- Problem description
Nothing but the lines below from the one holding "BOB DYLAN / DVD COMPILATION VOL.4 (1DVDR)" up to and including the one holding "Wit Four Season" should be copied, exactly and without pictures.

- Available records
'''
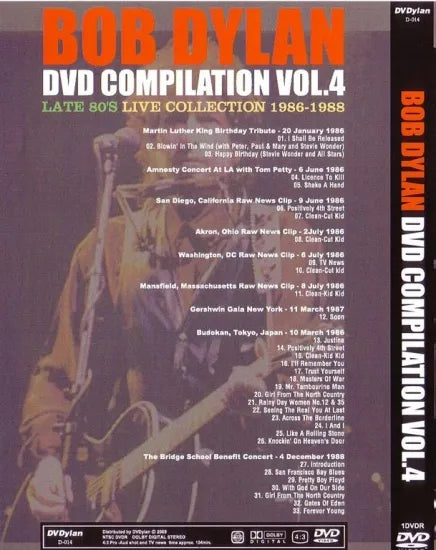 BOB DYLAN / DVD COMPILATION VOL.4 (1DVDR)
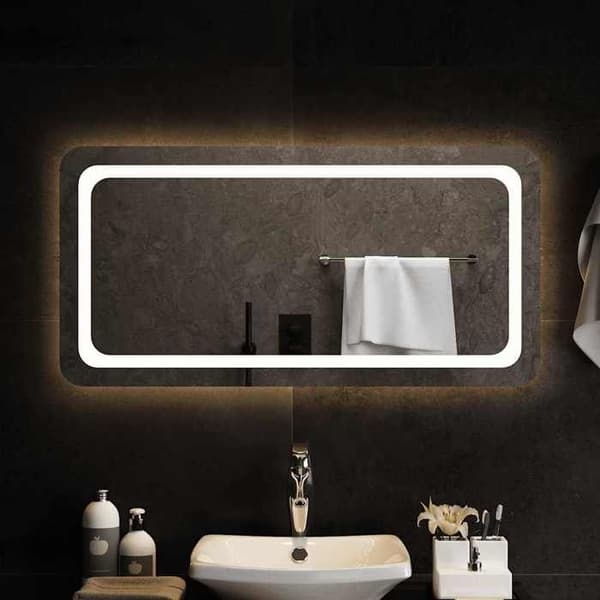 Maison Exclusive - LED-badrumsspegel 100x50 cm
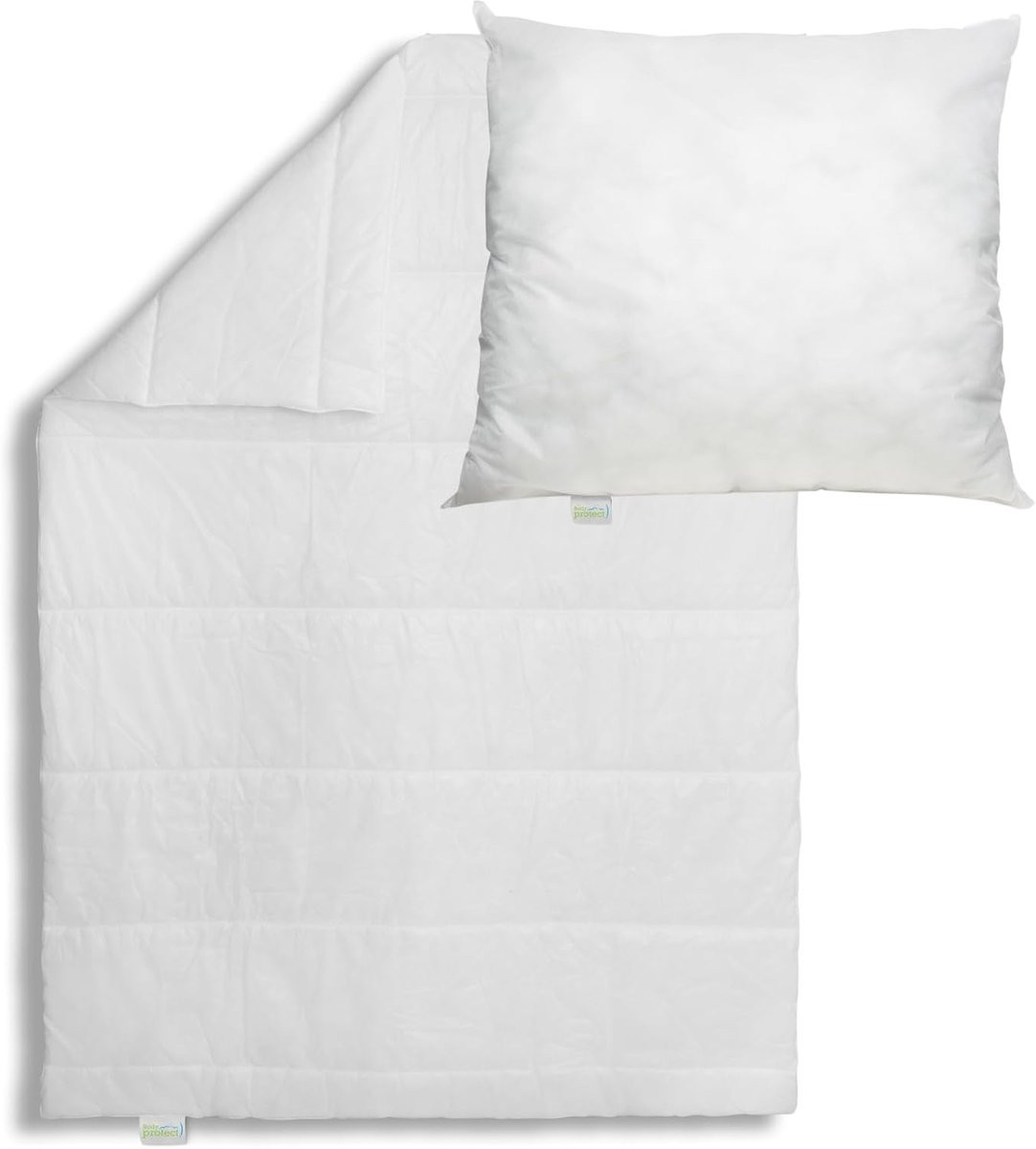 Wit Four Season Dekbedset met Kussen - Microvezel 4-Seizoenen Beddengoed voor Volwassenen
'''
'''
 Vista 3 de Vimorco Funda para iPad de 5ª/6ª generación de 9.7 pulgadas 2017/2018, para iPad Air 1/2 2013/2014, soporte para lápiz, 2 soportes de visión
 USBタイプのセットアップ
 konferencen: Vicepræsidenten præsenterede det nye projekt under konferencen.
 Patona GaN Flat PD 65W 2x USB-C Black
'''
- Output of the exercise
 BOB DYLAN / DVD COMPILATION VOL.4 (1DVDR)
 Maison Exclusive - LED-badrumsspegel 100x50 cm
 Wit Four Season Dekbedset met Kussen - Microvezel 4-Seizoenen Beddengoed voor Volwassenen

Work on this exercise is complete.